Previously undisclosed, this latest incident was reported by The Washington Post on the same day that Secret Service Director Julia Pierson received a tongue lashing from members of the House Oversight and Government Reform Committee prompted by the White House breach earlier this month.
The president and his Secret Service detail were in an elevator when a CDC security officer stared taking pictures of Obama with his phone. The president's security detail then detained the officer, who was armed, and asked for his gun.
“You have a convicted felon within arm’s reach of the president and they never did a background check,” Rep. Jason Chaffetz told the Post. “His life was in danger. This country would be a different world today if he had pulled out his gun.”
The officer was not granted special clearance to have a gun while in the presence of the president, the Examiner reported, constituting another major security lapse for the Secret Service.
"It is another jaw-dropping moment for the Secret Service," Virginia Rep. Gerry Connolly told Bloomberg Politics. "This is an agency that has to adopt as a standard a 100 percent success rate in protecting the president and his family and they are very far from that standard."

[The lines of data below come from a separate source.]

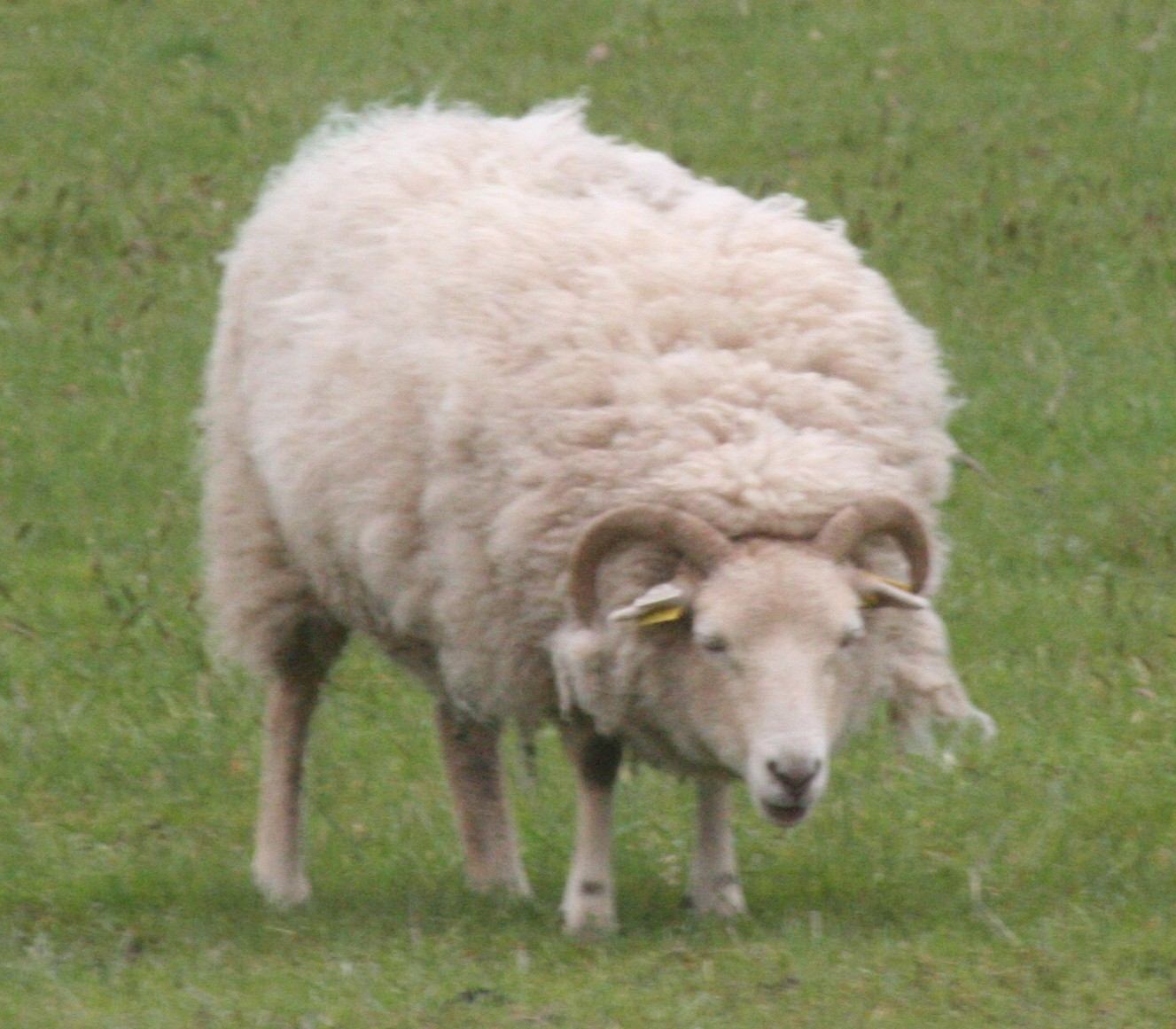 Le dilemme du tondeur de moutons (et du fileur de laine)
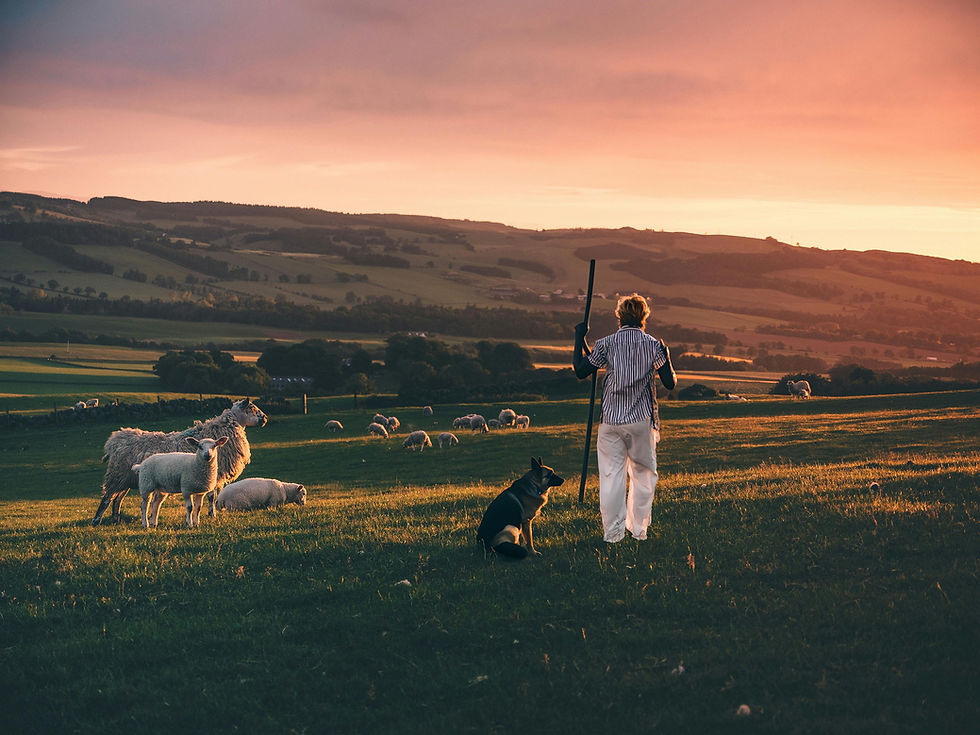 Shepherd looking over a field with his sheep.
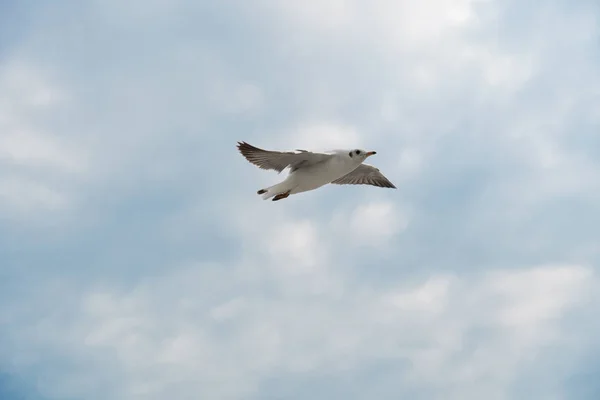 Bird gliding on cloud and sky — Stock Photo, Image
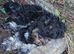 Home needed for rescue boy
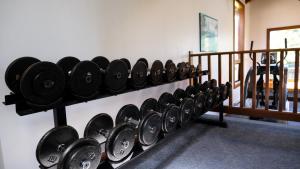 Fitness centrum a/nebo fitness zařízení v ubytování Painter's Lodge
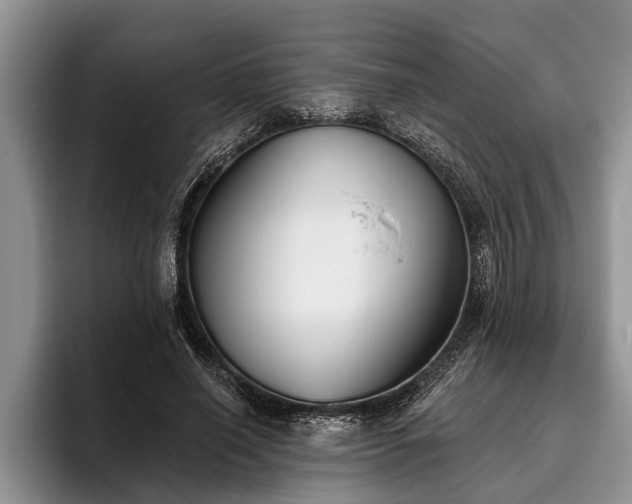 X0000095880638200801181206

Testifying on Capitol Hill Tuesday, Pierson testified that she briefs the president "100% of the time" when his personal security has been compromised. Pierson also said that such a conversation only happened once this year, following Gonzalez's foray into the White House. The disclosure of the Atlanta elevator incident, however, immediately raised questions about Pierson's testimony.
Connolly was non-committal when asked whether Pierson, who was promoted to head the Secret Service in March of 2013, should step down.
"I am withholding judgment on that for now to give her an opportunity to do her review and plan for correction," Connolly said.